◆ EXERCISE
Would you restate all of the entries verbatim, minus any images?

*** Opening of DATA SECTION ***

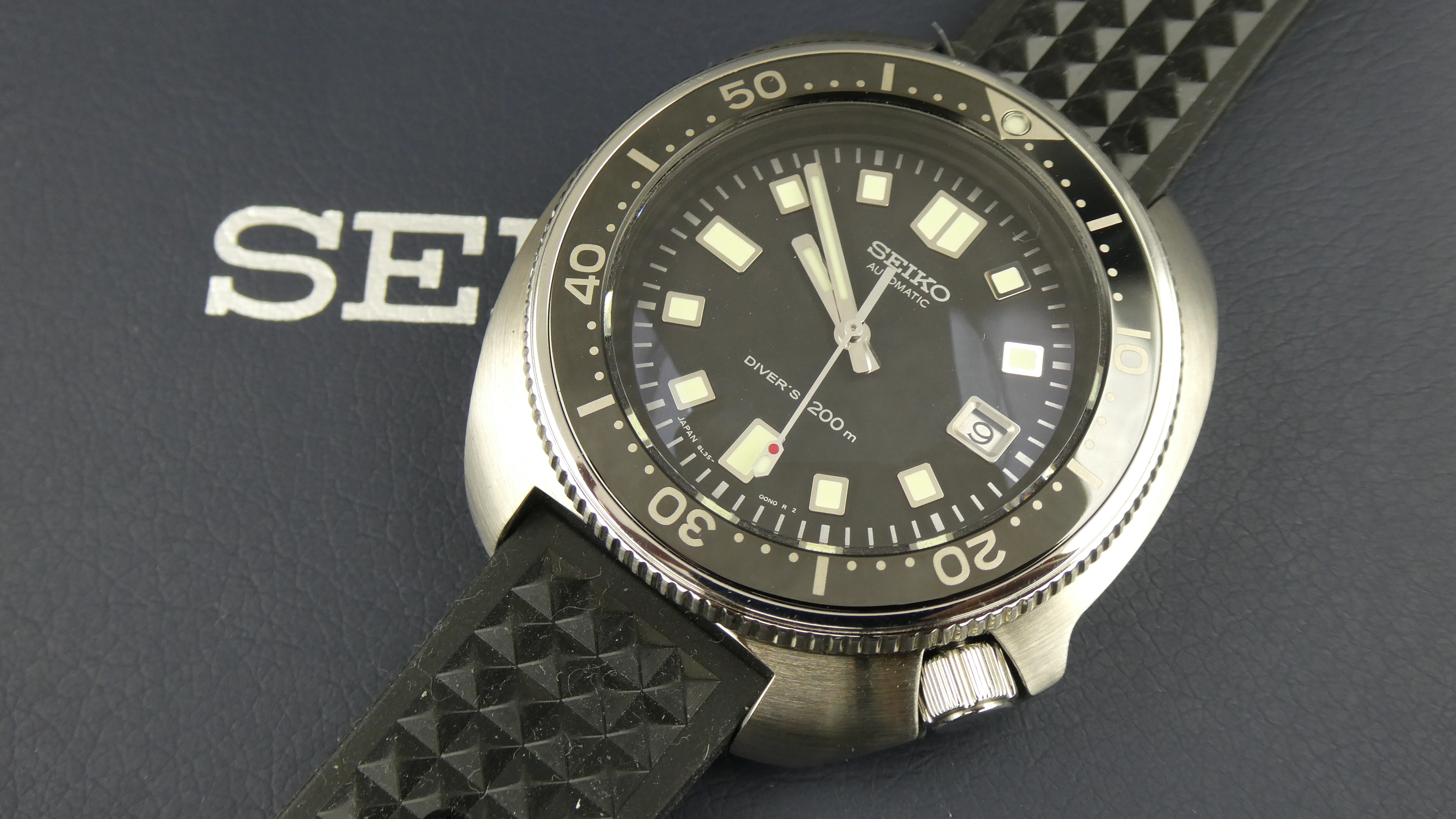 Seiko SLA033j1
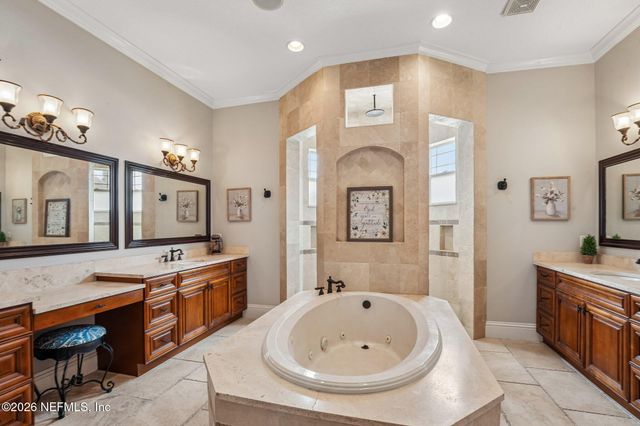1968 LAKESHORE Drive N, Fleming Island, FL 32003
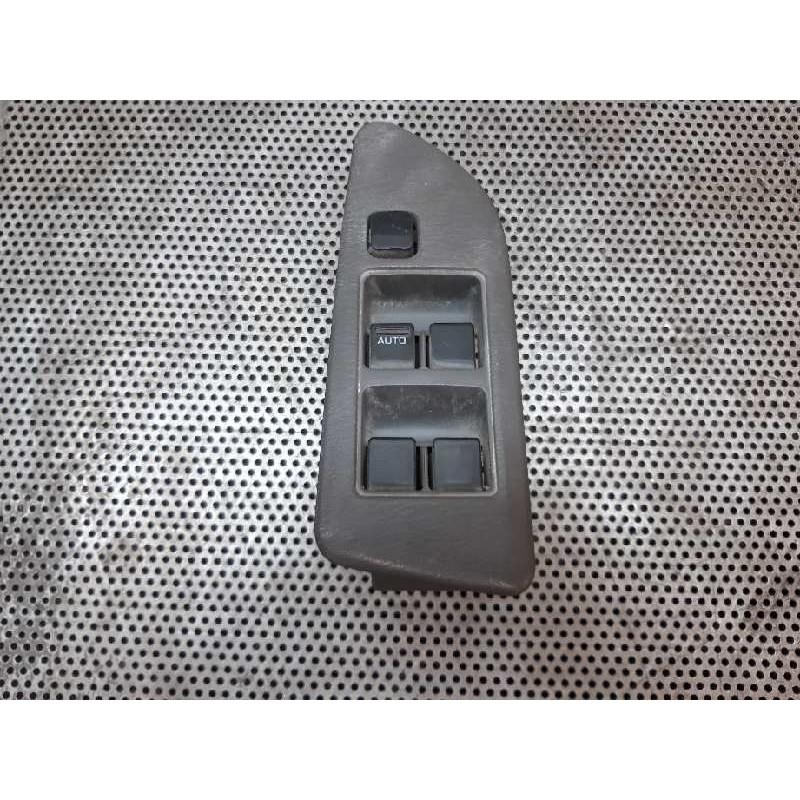Recambio de mando elevalunas delantero izquierdo para nissan almera (n15) salsa referencia OEM IAM   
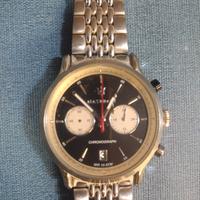 Maserati Legend orologio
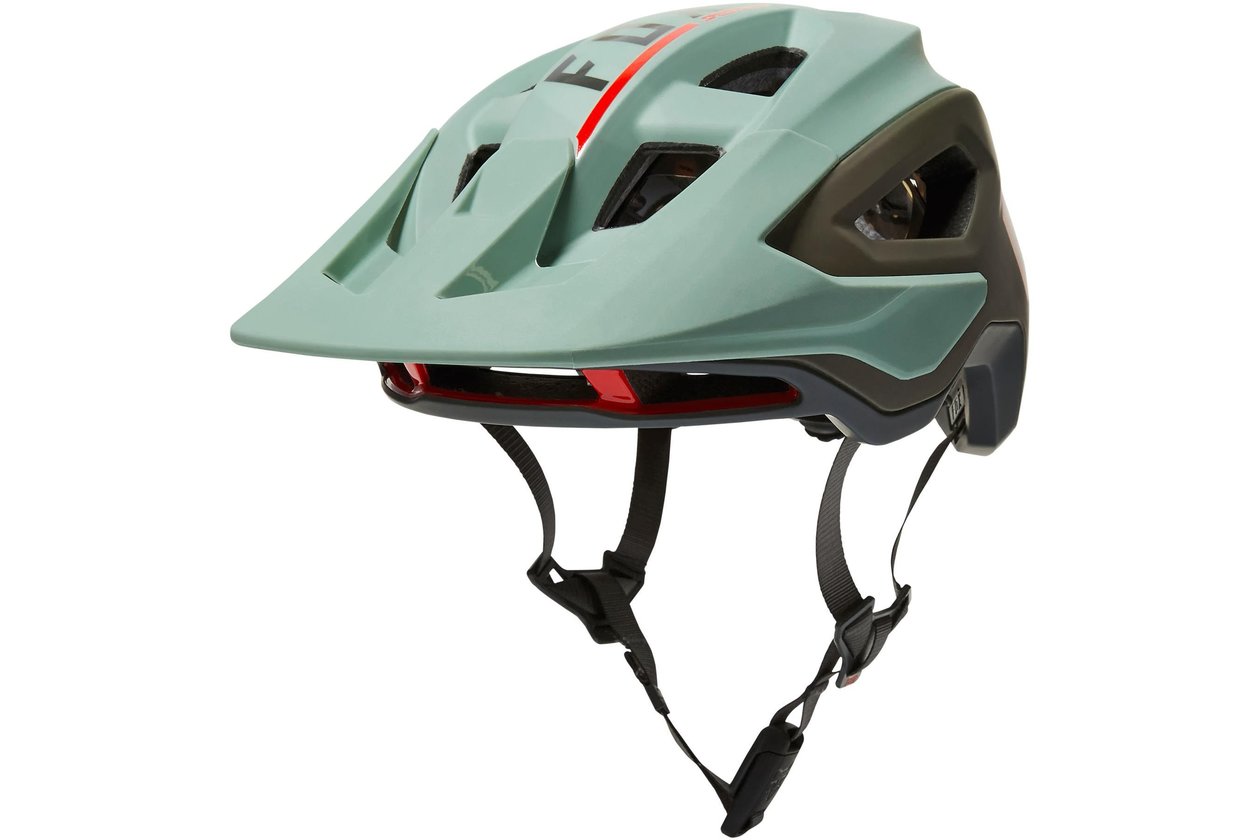 Fox Speedframe Pro Blocked MIPS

*** Close of DATA SECTION ***

◆ SOLUTION TO THE PROBLEM
 Seiko SLA033j1
1968 LAKESHORE Drive N, Fleming Island, FL 32003
Recambio de mando elevalunas delantero izquierdo para nissan almera (n15) salsa referencia OEM IAM   
 Maserati Legend orologio
 Fox Speedframe Pro Blocked MIPS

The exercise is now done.